All this talk of Passover gave me a serious hankering for Matzo ball soup!
I had mentioned this craving to Jerry, who quickly agreed to make it for dinner. When I got home, I checked the soup pot and noticed that the matzo balls were speckled with darker colors. Assuming that this was Jerry's continued obsession with flax seeds and wheat germ, I asked "What grains did you put in the matzo balls?" He said "Those aren't grains. That's pork!"
I told this story to several of my co-workers, who said "He's obviously not Jewish."
"No, definitely not Jewish, but his balls are awesome." His matzo balls, that is. Badabump! That's a little bit of Jewish humor for you.
Still craving some more traditional matzo ball soup, I decided to make my own. I'm going to do you a mitzvah and tell you the secret to making nice, fluffy matzo balls. Add seltzer instead of water or broth to form your matzo balls. Pork is optional. Aren't I a good pretend Jew?
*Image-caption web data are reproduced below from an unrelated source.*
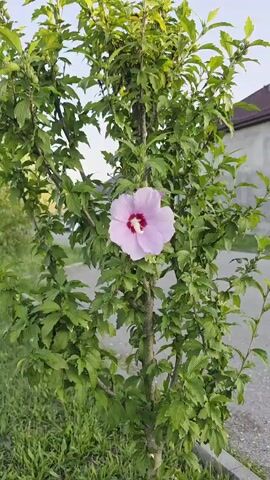 The video shows a close-up of a light pink hibiscus flower with a deep pink center. The flower is on a green bush with several buds. The background is blurred, but suggests an outdoor setting with some greenery and possibly a building. The video appears to be a zoom-in on the flower.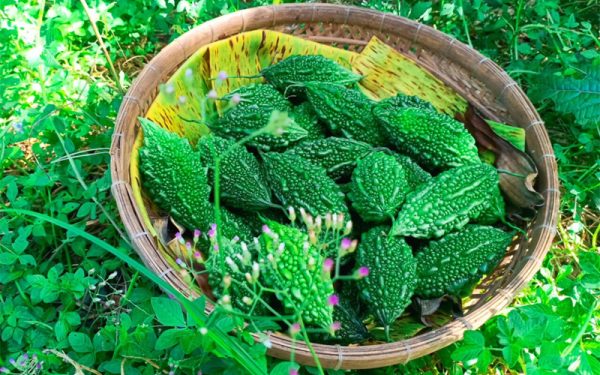 Mướp đắng rừng Tây Bắc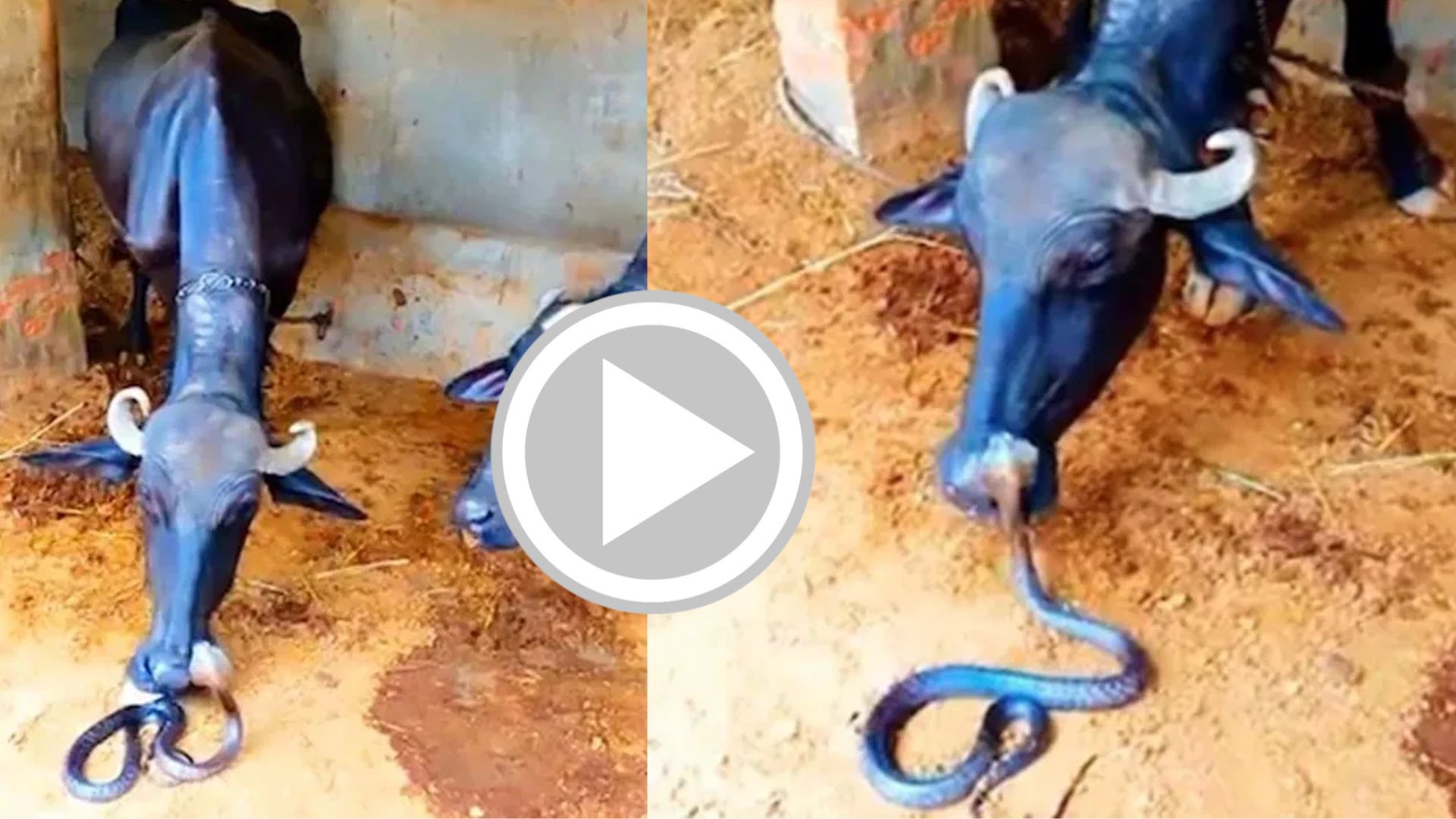 Big snake attack buffalo See What Happens Next Watch Shocking Video ...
|Sorry for the shitty picture.|
Whole Wheat Matzo Ball Soup
2 tablespoons vegetable oil
2 large eggs, slightly beaten
1/2 cup whole wheat matzo meal
2 tablespoons seltzer - helps to make the balls lighter, who likes heavy balls anyway?
1 teaspoon salt, if desired
sprinkle of garlic powder and any other preferred seasoning
1 -2 garlic cloves, minced
1 medium-size onion, chopped
3 medium carrots, sliced into similar sized pieces
3 celery stalks, sliced into similar sized pieces
5 - 6 mushrooms, diced (optional)
4 cups chicken or veggie broth (you also have the option of adding in actual chicken)
1 tsp oregano
1 bay lead
1 handful fresh chopped parsley
salt and pepper to taste
1. In a bowl, beat eggs; add oil, matzo meal and salt. Blend together.
2. Add seltzer and mix until uniform. Cover and chill in refrigerator for about 20 minutes.
3. In the meantime, saute your veggies in a large stock pot, starting with your garlic first and adding other ingredients as you go. Continue to add spices.
4. Add broth to pot and bring to a boil.
5. Remove chilled matzo ball mixture from refrigerator. Moisten hands and form batter into matzo balls, approximately 1 inch in diameter. Reduce heat. Drop matzo balls into pot of soup.
6. Cover tightly and simmer until thoroughly cooked, about 30-40 minutes. Enjoy soup!